On Windows/IIS: Right-click the data/ directory (located in your extracted application directory) and select Properties | Security. Ensure that your Web server user has write permissions for this folder. If necessary, click Add to add the Web server user and mark the ‘Write’ checkbox in the Permissions list.
What is my Web server user?
Step 4: Run your applicationOpen a Web browser and browse to the main page of the application, located at http://localhost:<port_number>/jukebox/index.php.
- Replace <port_number> with the port number on which your Web server listens.
- What is my port number?
Congratulations - you can now use your application!
- See Behind the Code, below, to learn about the PHP code you have just run
- To access more sample applications which can be run on the Zend Server server, click here
- To learn more about PHP basics, visit PHP 101
To view the code behind the application, open the application files in a text editor or in an IDE such as Zend Studio for Eclipse.
Note: To import the files into Zend Studio for Eclipse, create a PHP project called ‘jukebox’ and import the application files into it by going to File menu | Import | General | File Sytem and browsing to the extracted ‘jukebox’ directory.

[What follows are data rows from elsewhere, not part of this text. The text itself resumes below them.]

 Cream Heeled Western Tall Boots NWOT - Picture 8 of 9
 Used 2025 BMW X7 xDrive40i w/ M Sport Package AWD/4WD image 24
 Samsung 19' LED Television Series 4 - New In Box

Let's get an overview of the purpose of the different files in our application:jukebox/index.php
This is the application’s main page. It renders a list of the items currently stored in the database. Using the require_once() statement, this file loads other files which handle common functions such as querying the database, filtering entries or rendering the HTML header and footer.
This file renders the Add/Edit song page. The operations performed by the file will vary depending on the the submitted HTTP request parameters ($_GET, $_POST and $_SERVER). This is determined by the action selected by the user:
- If a user clicks Add on the main page, a GET request will be submitted and the Add Song form will be displayed.

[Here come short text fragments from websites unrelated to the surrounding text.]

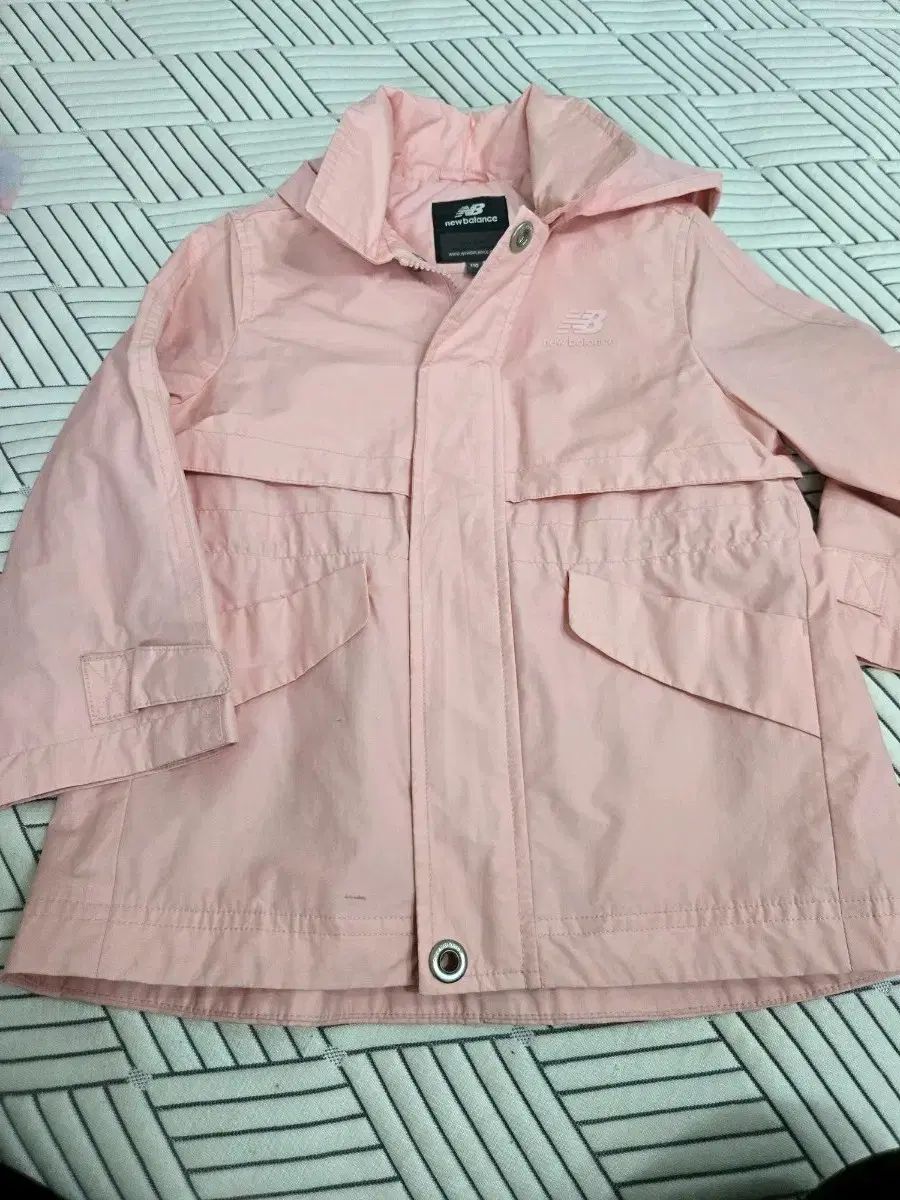 ニューバランス女の子アウター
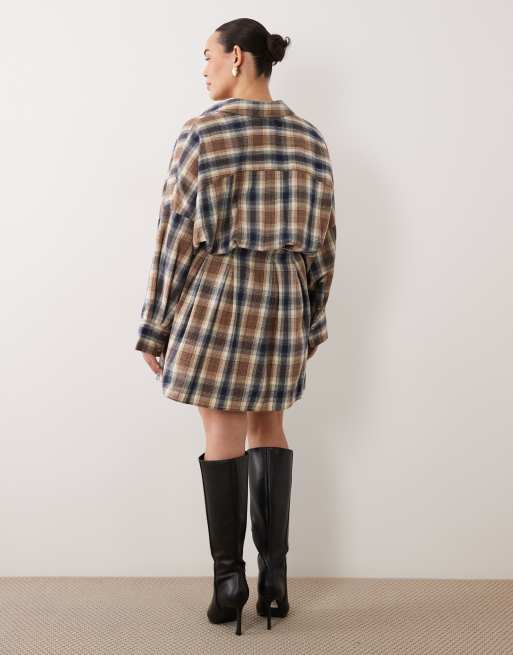 ASOS DESIGN Curve tailliertes Mini-Hemdkleid in Blau und Hellbraun kariert, 3 von 4
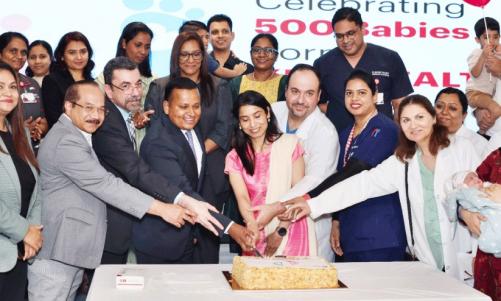 ഉമ്മുൽ ഹസ്സം കിംസ് ഹെൽത്ത് ഹോസ്പിറ്റലിൽ 500ആമത്തെ കുഞ്ഞിന്റെ ജനനത്തോടനുബന്ധിച്ച് ആഘോഷ പരിപാടികൾ നടന്നു ഉമ്മുൽ ഹസ്സം കിംസ് ഹെൽത്ത് ഹോസ്പിറ്റലിൽ 500ആമത്തെ കുഞ്ഞിന്റെ ജനനത്തോടനുബന്ധിച്ച് ആഘോഷ പരിപാടികൾ നടന്നു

- If a user clicks Edit next to one of the songs on the main page, a GET request will be submitted for the song details to be retrieved from the database, and the Edit Song form will be displayed.
- If a user clicks Save on the Add/Edit Song form, a POST request will be submitted, the new/edited entries will be saved in the database, and the user will be redirected to the homepage.

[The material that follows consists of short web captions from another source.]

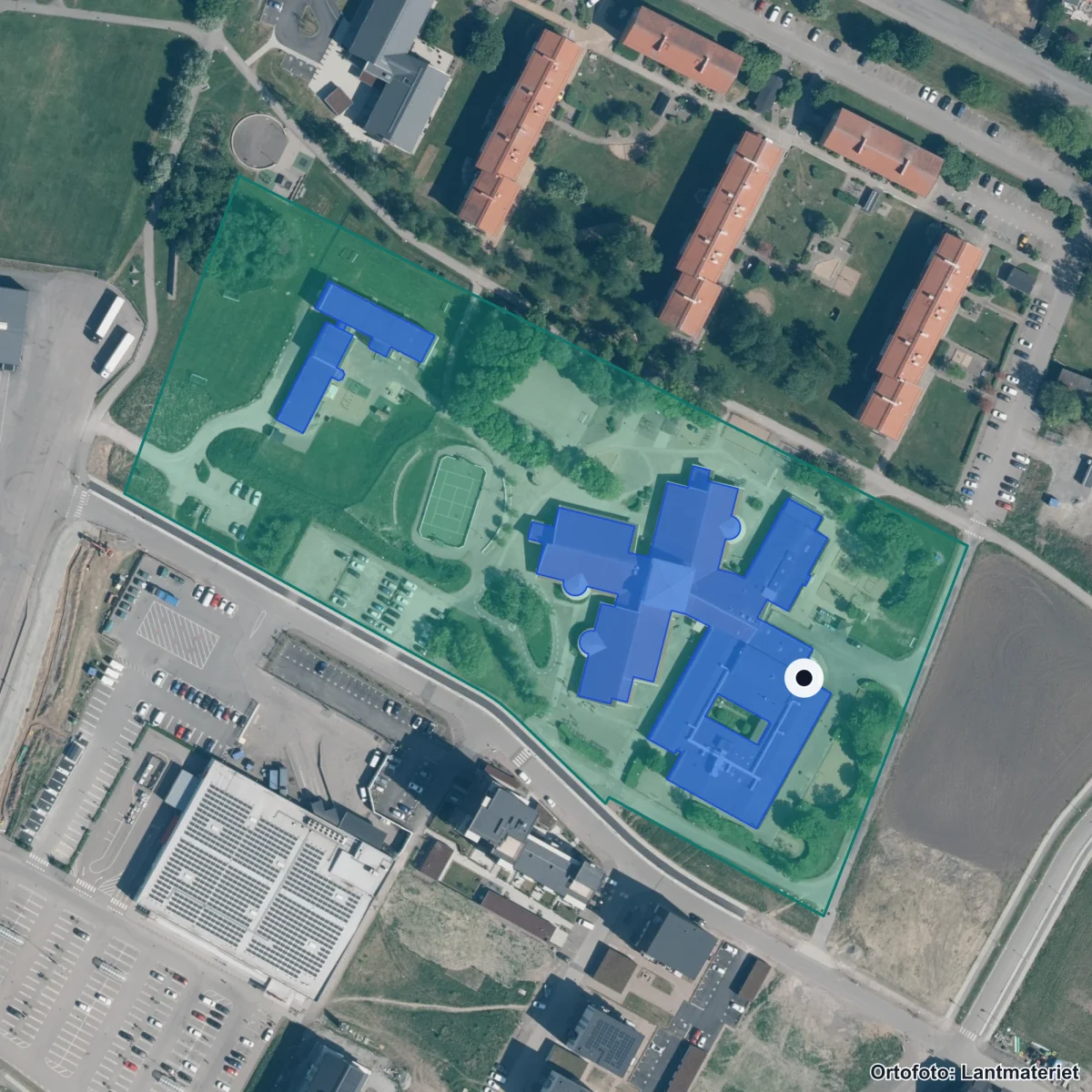 Flygbild över Tornlyckeskolan, ortofoto från Lantmäteriet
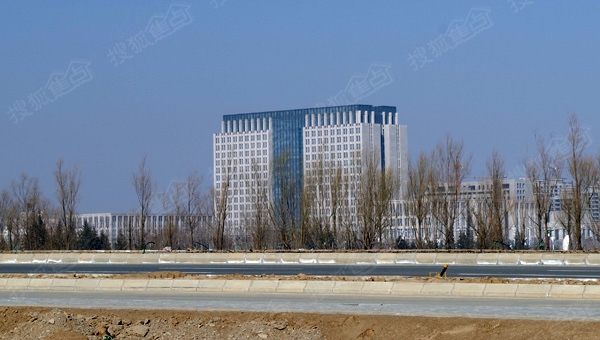 兰州楼盘兰州新区绿地高度图片金融城智慧别墅金融城楼盘收藏多少合适绿地智慧鞋柜是图片
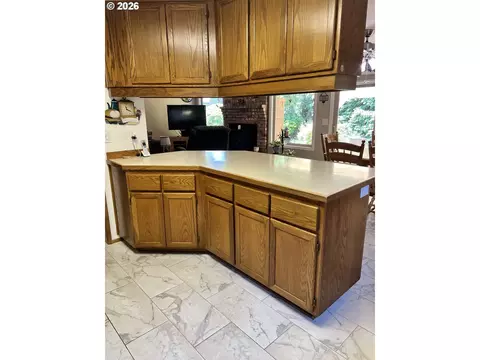 Kitchen - 1111 Risden Pl, Eugene, OR 97404 photo 1 of 3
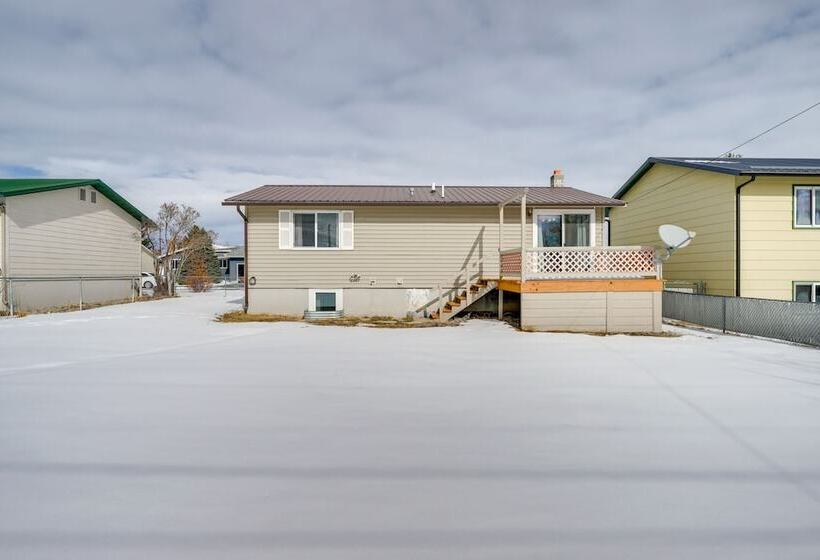 Dog Friendly Montana Home W/ Deck & Fenced In Yard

jukebox/common (html-bottom.php and html-top.php)
This directory contains PHP files that render HTML template elements (header and footer) that are common to all pages in the application.
This is the application’s configuration file which is read by all pages in the application. In this application it only stores the credentials for connecting to the database.
jukebox/data (jukebox.sq3 and schema.sql)
This directory contains the SQLite database files. By default, the jukebox application connects to an embedded SQLite database, but can be configured to use other Relational Database Management Systems (RDBMS) supported by PDO.
Note: For simplicity we have included the database files under the document root directory structure. However, for security reasons it is recommended to place database related files outside of the document root. In most production applications, a server based RDBM (Relational Database Management System), such as MySQL or Oracle, is used.
jukebox/library (JukeboxDb.php, JukeboxSong.php and JukeboxDataException.php)
This directory contains library files which are used by other parts of the application to access data stored in the database:
- JukeboxDb.php – This file defines the JukeboxDb class, which is used throughout the application to connect to and query the database. The class ‘wraps’ the PDO classes and provides a simplified database access interface.
- JukeboxSong.php – This file defines the JukeboxSong class, which is used throughout the application to represent a song. Each song is represented by an instance of this class. All song properties (e.g. artist, name etc.) are stored as properties within objects of this class. When song data is retrieved from the database, it is populated into instances of this class.
- JukeboxDataException.php – This file defines the JukeboxDataException class, which extends PHP’s built-in Exception class. It is used to represent errors related to data access in the application.
This is the application’s style sheet which defines the visual properties of the application. This file is not parsed by PHP. Instead, it is parsed by the browser when pages are rendered.